He doesn’t answer right away. I step closer to one of the skeletal birds, its wings spread wide. Something translucent and crystalline like frost or volcanic glass reinforces the delicate, white-gray bones. Around its neck, there’s a crown of dried asters and larkspur. Mourning flowers.
“You preserved them,” I whisper. “They were already dead, but you kept them.”
He turns slightly. I catch the glint of metal beneath his jawline—one of his tattoos curling down his throat like ivy. “I don’t like losing beautiful things.”
There’s no menace in his words. That terrifies me more.
Then I see the glass.
Beyond the skeletal garden, there’s a second space—a mirrored realm of clear, hand-blown sculptures, each one a reflection of the dead animals but glowing with fractured, refracted light. A glass fox is curled around a bone fox. Glass birds mimic flight above broken-winged ones on the ground. A spectral waltz, eerie but beautiful. Raw and honest.
I don’t know when I started crying.
I walk between them. My hands tremble as I pass between glass and bone, flower and ash, love and obsession. I realize this is what I am to him. A memory he won’t let die. A ghost he’s trying to resurrect.
A thing of blood and light trapped between preservation and possession.
I lower my head, pursing my lips as I walk among the sculptures. “Do you want me to become one of your sculptures?” I ask him, not looking back. “Something you keep?

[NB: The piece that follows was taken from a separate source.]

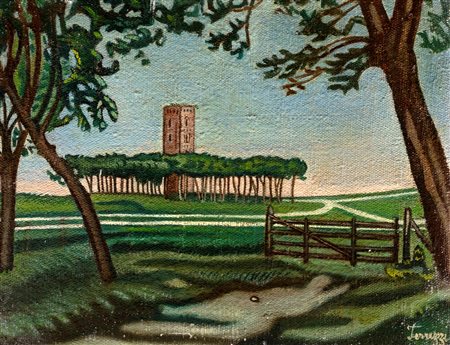Benvenuto  Ferrazzi (Roma 1892-1969)  - Torre di Centocelle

Something that never leaves?”
Silence.
“This place is not a cage,” Roman says behind me, voice like velvet-wrapped steel. “It’s a sanctuary. To protect and preserve.”

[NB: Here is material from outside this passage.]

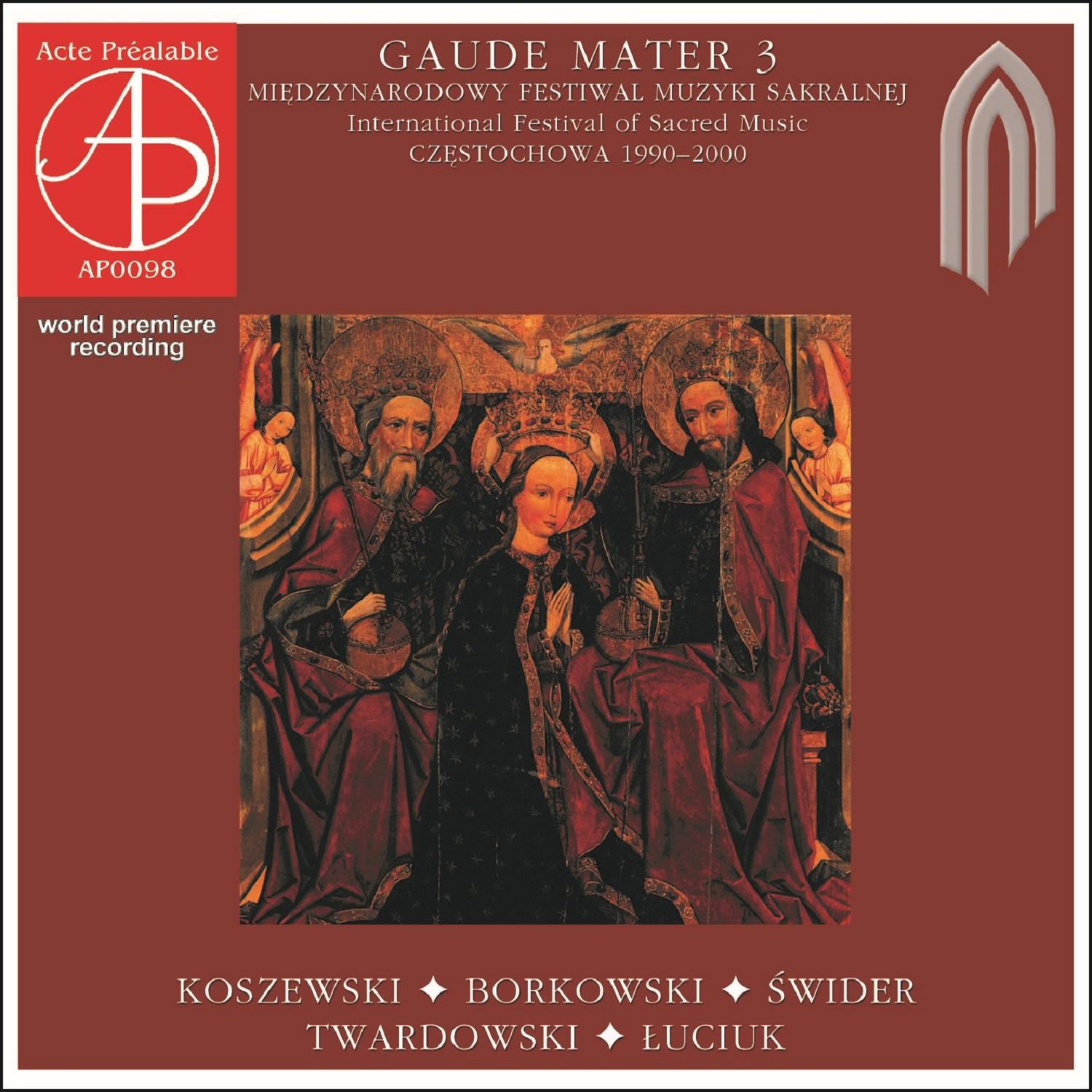 Missa Gaude Mater for mixed choir a cappella:No. 4, Benedictus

I stiffen, whispering, “My memory is a ghost.”
“And so it is my honor,” he continues, stepping closer until I feel the heat of his presence at my back, “to protect, preserve, and possess you.” I nearly shudder when he fingers a few locks of my hair. “You may feel trapped between worlds like these specimens—but you’re not. You transcend my world, Valentina. You are more alive than any being on this earth could ever be.” His words are holy in the exquisite horrors around us.
The silence thickens, along with the tension, as he guides me beyond the glass dome and onto another stone walkway. It leads to a row of hedges trimmed in a labyrinth style.
A gnarled tree lies cracked across part of the path, its limbs twisted like bones. Roman’s jaw tightens. He mutters, “Perimeter breach. Sector 4,” the words clipped and low as they transmit through his embedded chip. When I look up, he’s tugging on a pair of black gloves, cracking the leather. “Storm last night knocked it down. No need for alarm.”
Just beyond the hedges, I catch sight of a wrought iron fence—old but climbable. Its black teeth gleam between patches of bramble like a dare.
Once we’re closer to that fence and the downed tree, I confront him, “Roman,” I say sharply, “how can you spend days with me, make me feel like we belong, but you never tell me what you do? What your life really is…?”
He tenses. A muscle ticks in his jaw.
Narrowing my eyes, I touch his arm, feeling the muscle flex. My chest aches. “I mean it. This estate can’t be just inherited wealth. You mentioned military “adjacent” work. Politics. You vanish, you know things, too many things. How am I supposed to trust you as my husband when you keep me in the dark? When I need light more than ever?”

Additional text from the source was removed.